Posted on 3rd July 2020 by Jon Howell

Open Finance is poised to revolutionise banking and Scotland is aiming to be at the forefront with the establishment of the Global Open Finance Centre of Excellence (GOFCoE) in Edinburgh, which announced it had successfully won £22.5 million of innovation funding at the end of June 2020.

The plans have been in motion since October 2018 when a Scottish consortium of the University of Edinburgh, FinTech Scotland, Scottish Enterprise, and the Financial Data And Technology Association (FDATA) joined forces to apply for assistance from the Strength in Places Fund, a UK Government run scheme that aims to support innovation and economic growth. GOFCoE was announced as one of seven proposals that had succeeded in attaining funding.

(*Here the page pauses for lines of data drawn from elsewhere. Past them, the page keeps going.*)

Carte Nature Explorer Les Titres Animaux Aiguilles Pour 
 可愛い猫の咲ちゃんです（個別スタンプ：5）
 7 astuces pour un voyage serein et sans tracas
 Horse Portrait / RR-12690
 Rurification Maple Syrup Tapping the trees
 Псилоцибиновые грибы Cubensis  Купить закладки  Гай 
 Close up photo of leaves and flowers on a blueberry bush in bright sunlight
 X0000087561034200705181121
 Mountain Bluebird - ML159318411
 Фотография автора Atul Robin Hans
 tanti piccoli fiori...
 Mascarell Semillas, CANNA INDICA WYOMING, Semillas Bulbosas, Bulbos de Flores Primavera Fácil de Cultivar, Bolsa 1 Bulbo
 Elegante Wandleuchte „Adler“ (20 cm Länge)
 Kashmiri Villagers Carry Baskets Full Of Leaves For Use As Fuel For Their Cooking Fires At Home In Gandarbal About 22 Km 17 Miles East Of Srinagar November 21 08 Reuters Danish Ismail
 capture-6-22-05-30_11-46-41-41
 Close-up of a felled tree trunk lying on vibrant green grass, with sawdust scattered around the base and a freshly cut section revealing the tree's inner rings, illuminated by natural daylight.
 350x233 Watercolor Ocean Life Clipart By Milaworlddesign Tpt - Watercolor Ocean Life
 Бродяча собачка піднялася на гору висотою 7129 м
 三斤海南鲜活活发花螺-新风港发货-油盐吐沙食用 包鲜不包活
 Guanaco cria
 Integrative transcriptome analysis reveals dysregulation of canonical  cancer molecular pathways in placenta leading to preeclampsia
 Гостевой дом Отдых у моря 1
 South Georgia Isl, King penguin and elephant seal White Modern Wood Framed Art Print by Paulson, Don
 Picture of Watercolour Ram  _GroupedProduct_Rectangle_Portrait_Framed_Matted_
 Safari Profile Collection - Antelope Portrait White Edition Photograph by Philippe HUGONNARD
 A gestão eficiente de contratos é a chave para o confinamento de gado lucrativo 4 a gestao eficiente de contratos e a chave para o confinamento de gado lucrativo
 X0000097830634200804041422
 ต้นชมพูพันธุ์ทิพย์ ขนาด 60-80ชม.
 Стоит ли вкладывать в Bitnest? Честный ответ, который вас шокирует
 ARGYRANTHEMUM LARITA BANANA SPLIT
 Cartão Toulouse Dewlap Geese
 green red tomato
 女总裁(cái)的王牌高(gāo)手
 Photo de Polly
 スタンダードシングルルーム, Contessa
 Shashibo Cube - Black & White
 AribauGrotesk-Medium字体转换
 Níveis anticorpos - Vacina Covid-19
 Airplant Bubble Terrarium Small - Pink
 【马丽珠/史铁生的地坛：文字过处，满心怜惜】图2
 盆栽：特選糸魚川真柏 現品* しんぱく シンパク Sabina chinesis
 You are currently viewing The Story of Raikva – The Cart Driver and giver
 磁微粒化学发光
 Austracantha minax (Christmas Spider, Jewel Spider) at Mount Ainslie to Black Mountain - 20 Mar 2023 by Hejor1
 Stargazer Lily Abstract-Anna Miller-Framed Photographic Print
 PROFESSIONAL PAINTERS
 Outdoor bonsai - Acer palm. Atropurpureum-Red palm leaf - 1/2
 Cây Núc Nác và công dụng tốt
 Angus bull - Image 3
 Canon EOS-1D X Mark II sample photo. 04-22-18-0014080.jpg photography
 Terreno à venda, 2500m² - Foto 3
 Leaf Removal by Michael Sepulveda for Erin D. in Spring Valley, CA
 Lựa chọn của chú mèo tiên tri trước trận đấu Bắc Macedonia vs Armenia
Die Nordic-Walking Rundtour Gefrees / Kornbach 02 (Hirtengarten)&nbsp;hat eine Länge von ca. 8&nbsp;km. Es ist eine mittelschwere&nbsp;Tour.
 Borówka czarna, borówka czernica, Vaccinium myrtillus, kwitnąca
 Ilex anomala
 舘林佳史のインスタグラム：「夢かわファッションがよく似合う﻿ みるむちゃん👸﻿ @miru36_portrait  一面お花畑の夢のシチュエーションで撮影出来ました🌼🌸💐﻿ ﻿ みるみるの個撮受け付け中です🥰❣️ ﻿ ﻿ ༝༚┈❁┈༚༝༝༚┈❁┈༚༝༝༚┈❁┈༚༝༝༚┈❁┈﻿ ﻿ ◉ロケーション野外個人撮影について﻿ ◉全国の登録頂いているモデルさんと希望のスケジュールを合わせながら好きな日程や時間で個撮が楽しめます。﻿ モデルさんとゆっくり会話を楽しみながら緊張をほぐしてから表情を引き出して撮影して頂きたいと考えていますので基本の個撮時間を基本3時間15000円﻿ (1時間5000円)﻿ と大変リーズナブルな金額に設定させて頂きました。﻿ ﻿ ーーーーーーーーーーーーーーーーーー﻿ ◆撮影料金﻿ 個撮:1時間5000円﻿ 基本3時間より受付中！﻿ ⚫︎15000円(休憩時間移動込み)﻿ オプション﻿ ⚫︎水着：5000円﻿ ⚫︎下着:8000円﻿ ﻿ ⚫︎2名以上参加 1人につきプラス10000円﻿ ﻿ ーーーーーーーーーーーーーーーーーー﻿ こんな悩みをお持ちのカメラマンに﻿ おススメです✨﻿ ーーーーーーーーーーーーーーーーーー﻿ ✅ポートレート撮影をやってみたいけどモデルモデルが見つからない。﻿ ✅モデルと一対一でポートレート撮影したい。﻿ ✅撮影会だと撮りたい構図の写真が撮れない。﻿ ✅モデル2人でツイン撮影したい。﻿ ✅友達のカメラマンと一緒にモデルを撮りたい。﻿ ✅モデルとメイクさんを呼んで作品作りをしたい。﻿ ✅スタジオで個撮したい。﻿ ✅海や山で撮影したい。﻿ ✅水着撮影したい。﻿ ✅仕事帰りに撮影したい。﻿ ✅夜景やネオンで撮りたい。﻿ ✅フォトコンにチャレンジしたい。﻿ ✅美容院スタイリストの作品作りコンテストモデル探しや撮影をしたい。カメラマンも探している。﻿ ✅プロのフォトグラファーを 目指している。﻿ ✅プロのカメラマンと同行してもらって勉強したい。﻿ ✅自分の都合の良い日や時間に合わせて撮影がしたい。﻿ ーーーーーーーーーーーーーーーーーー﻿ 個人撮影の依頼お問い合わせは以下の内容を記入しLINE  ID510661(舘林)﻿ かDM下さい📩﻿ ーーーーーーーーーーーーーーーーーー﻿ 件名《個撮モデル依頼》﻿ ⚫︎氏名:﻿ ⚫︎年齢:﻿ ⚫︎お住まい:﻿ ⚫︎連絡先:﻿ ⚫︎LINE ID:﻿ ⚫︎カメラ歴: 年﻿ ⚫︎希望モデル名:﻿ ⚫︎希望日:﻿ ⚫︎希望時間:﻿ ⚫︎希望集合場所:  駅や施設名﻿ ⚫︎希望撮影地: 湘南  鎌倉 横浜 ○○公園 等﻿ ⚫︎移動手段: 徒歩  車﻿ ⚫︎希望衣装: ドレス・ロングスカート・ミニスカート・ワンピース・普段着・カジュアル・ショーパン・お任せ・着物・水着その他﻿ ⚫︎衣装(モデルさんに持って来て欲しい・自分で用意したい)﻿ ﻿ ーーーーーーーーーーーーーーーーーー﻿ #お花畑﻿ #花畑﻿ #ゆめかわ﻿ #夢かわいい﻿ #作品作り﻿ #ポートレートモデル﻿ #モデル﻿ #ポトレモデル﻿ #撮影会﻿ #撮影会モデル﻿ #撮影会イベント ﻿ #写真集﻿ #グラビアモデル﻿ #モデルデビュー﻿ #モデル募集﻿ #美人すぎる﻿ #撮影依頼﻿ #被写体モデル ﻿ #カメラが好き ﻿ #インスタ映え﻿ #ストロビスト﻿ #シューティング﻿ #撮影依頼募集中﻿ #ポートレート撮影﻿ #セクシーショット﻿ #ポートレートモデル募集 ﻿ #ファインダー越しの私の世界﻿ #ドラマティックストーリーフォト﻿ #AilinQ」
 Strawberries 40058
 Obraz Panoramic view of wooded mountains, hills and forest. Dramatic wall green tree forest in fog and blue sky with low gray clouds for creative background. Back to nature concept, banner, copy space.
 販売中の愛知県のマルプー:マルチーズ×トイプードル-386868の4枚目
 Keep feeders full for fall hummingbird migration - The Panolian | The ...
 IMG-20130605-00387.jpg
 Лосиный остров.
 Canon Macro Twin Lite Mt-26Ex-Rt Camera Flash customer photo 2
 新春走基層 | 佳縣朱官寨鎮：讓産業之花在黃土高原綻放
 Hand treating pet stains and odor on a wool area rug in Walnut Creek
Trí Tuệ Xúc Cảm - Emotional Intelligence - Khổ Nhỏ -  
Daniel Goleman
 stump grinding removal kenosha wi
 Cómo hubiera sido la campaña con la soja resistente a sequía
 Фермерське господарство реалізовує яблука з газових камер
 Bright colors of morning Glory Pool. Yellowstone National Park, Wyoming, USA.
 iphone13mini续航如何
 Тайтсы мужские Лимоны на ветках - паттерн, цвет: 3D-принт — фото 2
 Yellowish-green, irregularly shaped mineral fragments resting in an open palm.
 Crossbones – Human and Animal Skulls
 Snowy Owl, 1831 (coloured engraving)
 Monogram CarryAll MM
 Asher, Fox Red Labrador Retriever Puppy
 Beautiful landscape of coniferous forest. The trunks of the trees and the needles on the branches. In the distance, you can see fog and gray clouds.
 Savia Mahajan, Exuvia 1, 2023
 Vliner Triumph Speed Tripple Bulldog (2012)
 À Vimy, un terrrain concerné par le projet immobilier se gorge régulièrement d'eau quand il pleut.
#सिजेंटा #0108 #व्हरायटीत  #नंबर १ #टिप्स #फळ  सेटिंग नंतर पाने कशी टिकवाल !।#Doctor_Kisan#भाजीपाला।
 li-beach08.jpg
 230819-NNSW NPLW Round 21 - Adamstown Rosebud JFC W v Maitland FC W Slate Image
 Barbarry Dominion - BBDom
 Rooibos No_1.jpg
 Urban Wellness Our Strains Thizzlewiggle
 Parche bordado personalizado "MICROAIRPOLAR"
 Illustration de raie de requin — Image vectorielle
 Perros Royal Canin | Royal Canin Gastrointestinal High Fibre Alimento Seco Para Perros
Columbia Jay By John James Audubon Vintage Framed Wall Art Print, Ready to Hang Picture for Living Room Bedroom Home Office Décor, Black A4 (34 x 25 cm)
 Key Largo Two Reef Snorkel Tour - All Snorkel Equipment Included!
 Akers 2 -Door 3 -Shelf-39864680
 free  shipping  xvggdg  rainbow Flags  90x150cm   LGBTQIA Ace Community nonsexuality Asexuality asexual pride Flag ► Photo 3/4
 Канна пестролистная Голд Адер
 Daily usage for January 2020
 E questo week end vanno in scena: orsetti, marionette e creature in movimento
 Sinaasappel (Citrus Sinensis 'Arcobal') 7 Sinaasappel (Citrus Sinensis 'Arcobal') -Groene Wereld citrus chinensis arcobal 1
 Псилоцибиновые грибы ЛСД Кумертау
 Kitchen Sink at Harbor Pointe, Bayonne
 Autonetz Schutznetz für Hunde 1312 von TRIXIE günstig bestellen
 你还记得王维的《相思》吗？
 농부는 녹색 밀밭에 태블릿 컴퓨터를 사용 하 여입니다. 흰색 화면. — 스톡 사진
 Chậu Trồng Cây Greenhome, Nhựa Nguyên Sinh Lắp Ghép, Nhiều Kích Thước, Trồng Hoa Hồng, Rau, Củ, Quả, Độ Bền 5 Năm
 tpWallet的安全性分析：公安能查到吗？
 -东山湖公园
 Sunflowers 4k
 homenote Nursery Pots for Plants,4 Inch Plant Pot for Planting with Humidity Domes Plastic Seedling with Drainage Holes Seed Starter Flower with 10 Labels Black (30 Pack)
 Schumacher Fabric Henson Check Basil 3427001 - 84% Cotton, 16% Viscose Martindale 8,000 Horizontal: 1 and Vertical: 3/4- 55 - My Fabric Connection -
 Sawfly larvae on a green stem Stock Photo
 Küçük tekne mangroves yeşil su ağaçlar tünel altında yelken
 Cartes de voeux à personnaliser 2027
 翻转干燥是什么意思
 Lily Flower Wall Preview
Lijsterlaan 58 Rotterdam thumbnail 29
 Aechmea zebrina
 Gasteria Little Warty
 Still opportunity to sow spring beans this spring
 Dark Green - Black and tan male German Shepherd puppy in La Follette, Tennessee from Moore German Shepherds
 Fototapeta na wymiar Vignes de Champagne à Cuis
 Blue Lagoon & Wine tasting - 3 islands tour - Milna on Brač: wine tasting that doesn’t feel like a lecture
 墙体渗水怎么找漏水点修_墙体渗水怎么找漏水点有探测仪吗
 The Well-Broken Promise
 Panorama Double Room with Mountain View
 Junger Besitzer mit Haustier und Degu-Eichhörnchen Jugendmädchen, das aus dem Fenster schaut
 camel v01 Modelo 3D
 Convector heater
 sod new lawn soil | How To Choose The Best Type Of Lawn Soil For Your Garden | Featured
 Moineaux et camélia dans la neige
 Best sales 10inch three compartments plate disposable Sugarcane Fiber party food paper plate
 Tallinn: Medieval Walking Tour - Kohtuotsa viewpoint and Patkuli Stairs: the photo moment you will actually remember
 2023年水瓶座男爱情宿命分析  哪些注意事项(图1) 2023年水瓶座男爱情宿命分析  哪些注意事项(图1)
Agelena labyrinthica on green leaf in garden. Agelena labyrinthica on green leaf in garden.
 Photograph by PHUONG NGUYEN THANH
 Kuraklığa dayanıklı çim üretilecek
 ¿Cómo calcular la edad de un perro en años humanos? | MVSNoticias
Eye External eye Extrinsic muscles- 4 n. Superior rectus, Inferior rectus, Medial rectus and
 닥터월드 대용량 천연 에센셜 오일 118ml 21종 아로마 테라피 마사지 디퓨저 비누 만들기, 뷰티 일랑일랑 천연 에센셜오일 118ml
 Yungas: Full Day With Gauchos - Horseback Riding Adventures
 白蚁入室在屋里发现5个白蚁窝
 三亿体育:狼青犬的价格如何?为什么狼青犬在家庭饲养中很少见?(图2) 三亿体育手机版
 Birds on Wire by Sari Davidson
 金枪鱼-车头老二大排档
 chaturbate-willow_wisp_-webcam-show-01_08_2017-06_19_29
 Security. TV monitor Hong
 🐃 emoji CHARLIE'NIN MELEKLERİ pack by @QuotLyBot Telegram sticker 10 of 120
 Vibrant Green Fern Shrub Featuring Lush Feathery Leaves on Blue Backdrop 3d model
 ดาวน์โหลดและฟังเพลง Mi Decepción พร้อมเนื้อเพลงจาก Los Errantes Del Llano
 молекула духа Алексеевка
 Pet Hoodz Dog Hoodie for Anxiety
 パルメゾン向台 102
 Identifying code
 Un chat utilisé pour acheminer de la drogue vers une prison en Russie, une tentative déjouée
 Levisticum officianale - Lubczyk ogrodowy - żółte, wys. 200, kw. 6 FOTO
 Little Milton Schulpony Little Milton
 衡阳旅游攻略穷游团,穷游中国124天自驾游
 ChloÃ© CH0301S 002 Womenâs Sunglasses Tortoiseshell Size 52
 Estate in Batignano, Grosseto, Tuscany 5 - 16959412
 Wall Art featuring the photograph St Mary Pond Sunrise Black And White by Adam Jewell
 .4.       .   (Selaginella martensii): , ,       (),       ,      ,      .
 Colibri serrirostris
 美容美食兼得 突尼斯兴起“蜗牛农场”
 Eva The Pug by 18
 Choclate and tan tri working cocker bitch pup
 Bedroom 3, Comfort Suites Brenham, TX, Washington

The goal of the Centre is to provide leadership, coordination, research, and capability to support the rapidly evolving phenomenon of Open Finance, an initiative which wants to rebalance markets in favour of consumers by using shared financial data through secure open APIs to increase competition and innovation, leading to better products and services. Initially focussed on banking and called Open Banking, Open Finance now includes other services such as pensions, investments, and insurance.

This announcement is another feather in the cap of Scotland’s FinTech cluster, following on from the formal European cluster excellence accreditation earlier this year. A sentiment echoed by Linda Hanna, Managing Director of Scottish Enterprise, “This award is excellent news for the Fintech sector in Scotland and for our economy as a whole. FinTech is fast becoming one of Scotland’s key sectors and, particularly in the current climate, it is crucial that we continue to build our digital capability and our use of data, making our mark on the digital industries.”

Talking up the world-beating nature of the new Centre, Professor Jonathan Seckl, the University of Edinburgh’s Senior Vice-Principal, said, “The Centre will be a world-first, providing leadership, coordination, research, and capability to develop the benefits of Open Finance and to safely unlock the potential of customer data as a force to improve lives. Using real financial data for social good and allowing governments, companies, and people to make better economic and financial decisions is at the heart of the Global Open Finance Centre of Excellence.”